Uno Crowned


Shoma Uno has won just about every silver medal that one can win — he has two from the World Championships and another from last year’s Olympic Winter Games. He has also been the runner up at two Grand Prix Finals.

But, on his fifth attempt, the Japanese champion finally captured the Four Continents title.

Fourth after the short program, Uno’s performance to “Moonlight Sonata” was rich in technical content and packed with solid program components. He landed three quad jumps — a flip and two toe loops along with five other clean triples on his way to victory.

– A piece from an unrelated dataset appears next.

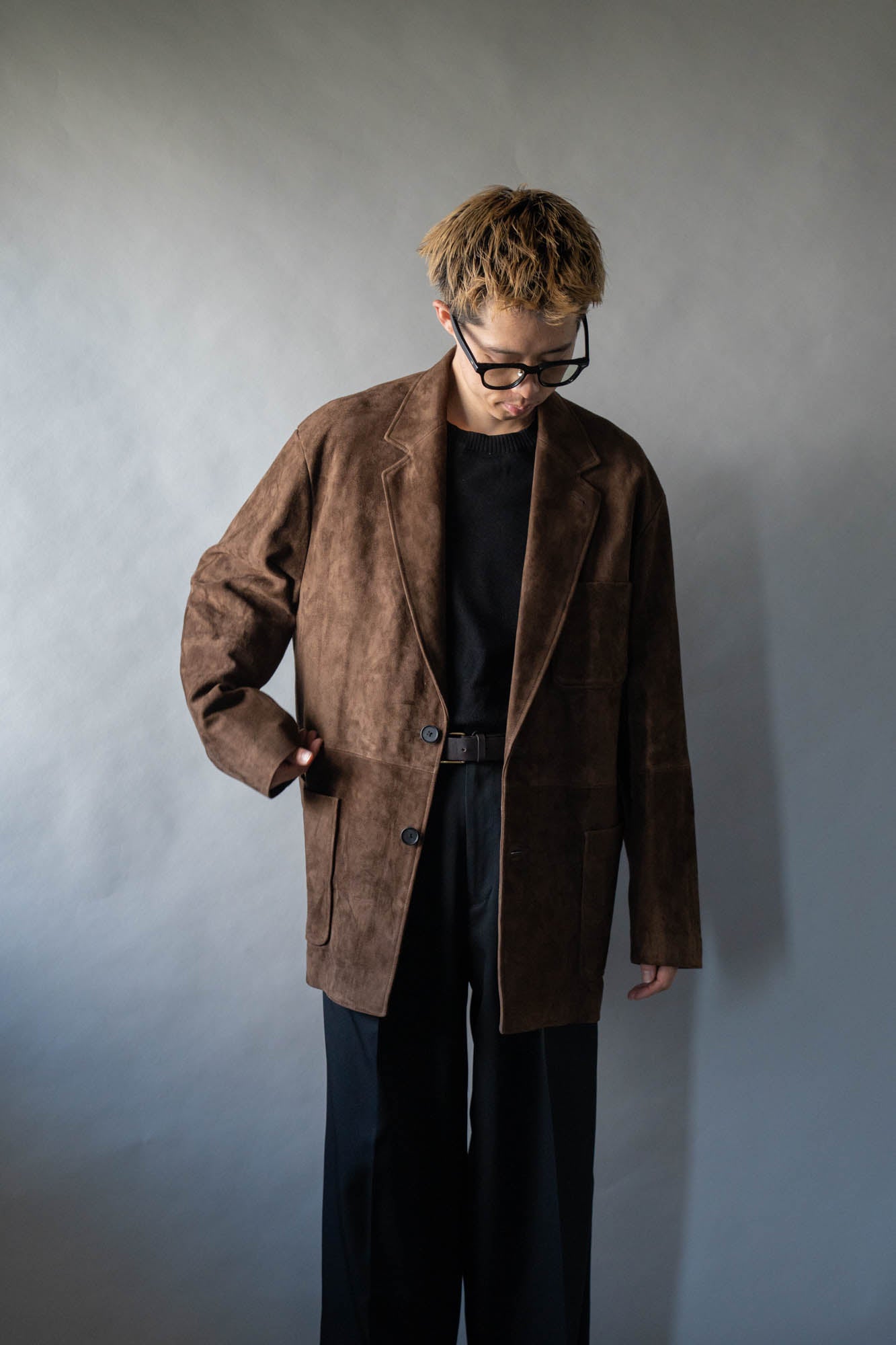 GOAT SUEDE BLAZER(ST.1552)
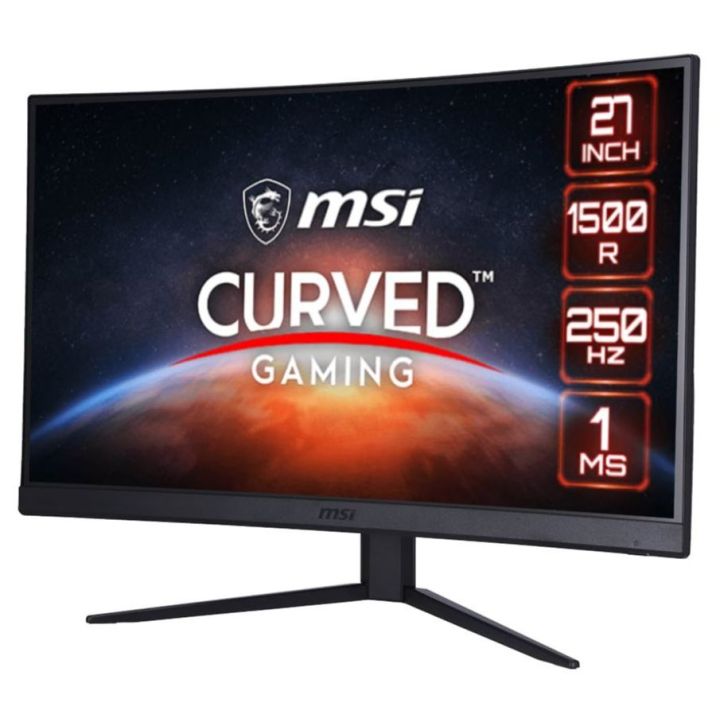 (0%) MSI MONITOR (จอมอนิเตอร์เกมแบบโค้ง) Gaming MSI G27C4X : 27" VA FHD 250Hz CURVED FREESYNC PREMIUM/16:9/300Nits/1ms(VRB)/Color gamut:113% sRGB, 89% DCI-P3/DisplayPortx1,HDMIx2/Warranty3Year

But Uno was also captured the hearts of the audience, performing with an understated command. Uno’s blades cut through the ice without a sound as his body floated over the ice with ease and the program seemed to be over in the blink of an eye.

Uno earned the second highest score of the season — 289.12 points — and now trails only two-time Olympic champion Yuzuru Hanyu.

“Today after I finished, rather than being happy, I felt relieved to have pushed myself through the competition,” he said. “I was able to place in the first place, but I want to keep working hard.

“I don’t want to be caught up by rankings, but I am very happy about winning the title. I am very happy with how I did in today’s program. This was the first title that I won in a big competition at the senior level, and it means a lot to me. I want to continue to work hard so that I can get the title at Worlds.”

Defending champion Boyang Jin moved up from third place after the short program to capture the silver medal with 273.51 points. Jin seemed to skate cautiously until his jumps were complete, and then he unleashed the character of the program to the delight of the audience. It was his best outing since last year’s Olympic Winter Games. The two-time World Championships medalist attempted three quad jumps and landed two cleanly in his Flamenco-themed program. He also connected on six triple jumps.

“Overall I did OK. But the two programs both have errors,” he said. “My feeling now is that I hope I can do better in the World Championships in one month. I also feel a little frustrated — probably because my training was not going so well recently. So I need to train better for the World Championships.”

“I think I adjusted myself mentally a little bit now, and I just want to use the competition experience I have now to compete and enjoy the competition. I think I’m way calmer than before, so I feel like there’s no such difficulty that I cannot overcome in the future.”

Slipping to third place after leading the short program, Vincent Zhou returned to his habit of under-rotating the jumps in his “Crouching Tiger Hidden Dragon” program. Zhou attempted three quads, receiving full credit for just one — his opening Lutz. His was just the fifth best program of the night, but his short program score provided the buffer he needed to claim a spot on the podium. He earned a season’s best of 272.22 overall.

“I’m very proud of myself at this competition for continuing the upward trend I’ve put myself on. I’m looking forward to the next one, training for Worlds,” he said. “I hope to improve the consistency of the good quality elements I’ve been doing. I thought I showed more of that at this competition. I’m not satisfied with my performance but I‘m also proud of myself for how I did. It was a good competition, a very deep field, and I’m proud to be among the medalists here.”

Canada’s Keegan Messing finished in fourth place with 267.61 points. “I’m very excited. I think that’s the highest score I’ve ever put in the program,” he said.

Jason Brown of the U.S. finished in fifth place with 258.89 points, while South Korea’s Junhwan Cha plummeted from second after the short to sixth overall with 255.83 points. Cha was charged with six under rotations in his program. “I am actually satisfied,” Cha said. “My technical jumps were not perfect, but I tried my best until the end of the program so I am happy about fighting it through.”